A CPU Researcher Explains Why It Took 22 Years to Discover Fundamental Chip Flaw

By

Danish PC researcher Anders Fogh was one of many researchers who circled in on the Spectre and Meltdown vulnerabilities found on nearly every CPU chip, with Intel being hit especially hard. After reading his blog post about how so many people poked at the same problem for years, I called him one afternoon to learn more.

(Before we start, a brief refresher. Meltdown is a massive vulnerability on nearly every Intel chip made since 1995, but is largely being fixed with software patches. Spectre is more difficult to exploit, but will likely be with us for years — if not decades — because the only true way to fix it is by replacing your CPU. Both exploits allow a malicious user to access data, whether that’s your password, credit-card number, or just your personal photos stored on a cloud server.)

Before we get started, could you just give me a broad idea of what CPU research is?
CPU research is a lot of documentation reading. We dig down in the documentation and what other people have found out, and then we make a theory about how something may work.

Then we start making hypotheses: What kind of effects would this have on a piece of software? And then we write the software and check if we’re right. If we’re right, we move on.

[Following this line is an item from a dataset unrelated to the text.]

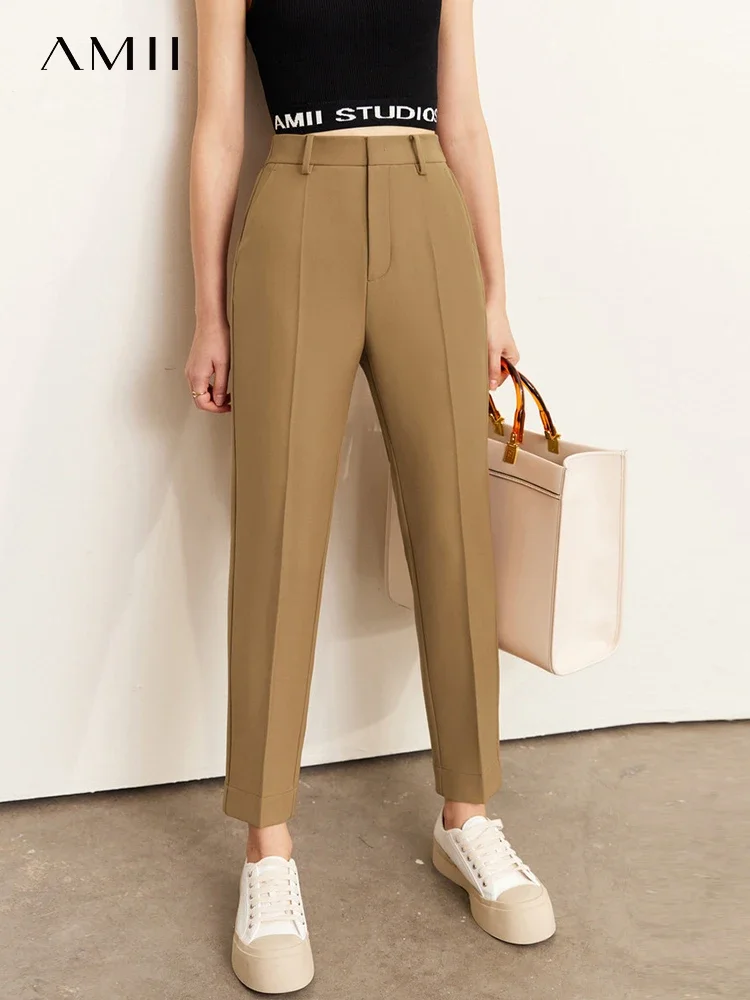 AMII Minimalismus Hosen Für Frauen 2023 Herbst Büro Dame Gerade Hosen Knöchel Länge Hohe Taille Hosen Weibliche Kleidung 12220132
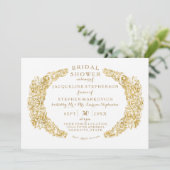 Invitation Fête des mariées gravée Florale Acanthus Gold Leaf (Debout devant)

If we’re wrong, we try to figure out why this isn’t happening the way it’s supposed to. It’s a very tedious process, with reading a lot of stuff, getting an idea of how could this actually be working inside a CPU, what effects would this have on software, and writing a software that proves or disproves the theory and then repeat forever.

To me, a layman, it’s odd that CPUs require so much research, since the architecture is designed by humans. Why do they require so much outside research to sort of understand what they’re doing?
Because CPUs are remarkably complex. So to build a CPU, what you do is, you take a handful of sand, bit of epoxy, a tiny bit of metal, and a bit of pixie dust, and you stir it all together and you get this machine that basically runs our world today. You can imagine that that process has to be very, very complex. So down at the lowest level you have to deal with quantum phenomena; at the next level you have heat dissipation; on the next level you have to connect everything; and then the next level and next level all the way up, you actually have a piece of silicon that takes instructions, and that just turns out to be incredibly complex. For scale, a modern CPU, not even the newest and the biggest, has about 5 billion transistors in them. The Saturn V rocket that took man to the moon has about 3 million. So this is a really ridiculously complex machine, and they have been developed for longer than I have been alive.

One of the responses a lot of people had with Meltdown and Spectre is that every chip — with a few exceptions — made since 1995 was fundamentally broken, and yet it took 22 years for these vulnerabilities to become public. Why’d it take so long? Is it just that these are such complex machines that understanding every single part of what’s going on is just too much for one person?
I don’t believe anybody understands what’s going on everywhere inside of a modern CPU. There’s just way too much information. In this specific case, I think a lot of it has to do with that research into CPUs is not a new phenomenon, but it has been picking up in recent years. People like to search for things where they know there’s going to be a weakness, and where it’s easy to find, so you have this thing, that the CPUs are black boxes, but we can actually see what’s going on in software — you can take a disassembler and look at what’s inside. So that scared a lot of research people away from taking a look at processors.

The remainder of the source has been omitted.